Reposting your third point from Facebook since it got cut off here:
"(3) Ultimately, parts of intelligence will fall into both buckets: in some senses it’ll be “evolutionary” (bounded, environmentally contextual, tradeoffs- No Free Lunch) and in other senses it will be “deistic/platonic” ("a dial that can be turned up indefinitely" and Free Lunch Friendly). I guess I’d have to think more about the nature of intelligence, and different kinds of Free Lunches, to venture a guess how to parametrize this."

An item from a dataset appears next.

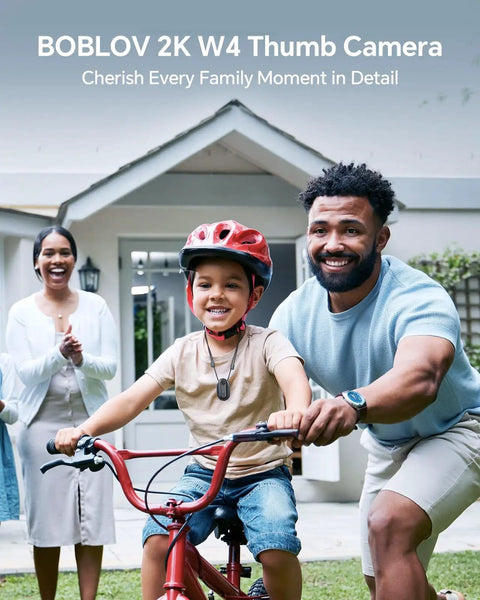 Family enjoying outdoor time, focusing on child riding bicycle, highlighting the 1440P Patrol Ready Body Camera with Audio, Built In 128GB Storage, Dual 1800mAh Batteries With Dock, Wearable Police Camera For Law Enforcement, Night Vision, File Protection, Easy Video Access, Safe Evidence Capture.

I think this is all about how general intelligence itself can get, and whether by increasing generality you necessarily sacrifice specialization (another form of intelligence). Given the availability of the evolutionary framework, it seems clear to me what our a priori hypothesis should be. But even if intelligence is partly deistic/platonic as you suggest, I think the bounds implied are enough to dethrone unbounded superintelligence as a top-tier existential risk.

All the best!
Erik

Reply
Paul Chapman
7/6/2017 09:06:53 am

I'm new to the debate about super-AI, so I will almost certainly retread old ground. Thinking about your post over coffee, I figured I could write 10,000 words. I'll try instead to write the thousand most salient.

(1) If there is a 'central dogma' of anthropology, it's that humans extend their problem-solving power by inventing tools: physical tools from water jugs to container ships; and abstract tools from writing, through arithmetic, geometry, printing, to electromagnetic theory and computation (so far).

As you point out, the laws of our universe somehow require us to build *specialized* tools, which involve trade-offs according to what we want to maximize. We can build a fast car, a cheap car, an energy-efficient car, or a 10-ton truck. But we don't build just one, universal car (unless we're the former GDR): we build ALL of the variants and use each for the job it's designed for.

But we have just one kind of brain, which appears to be just flexible enough to invent and make tools.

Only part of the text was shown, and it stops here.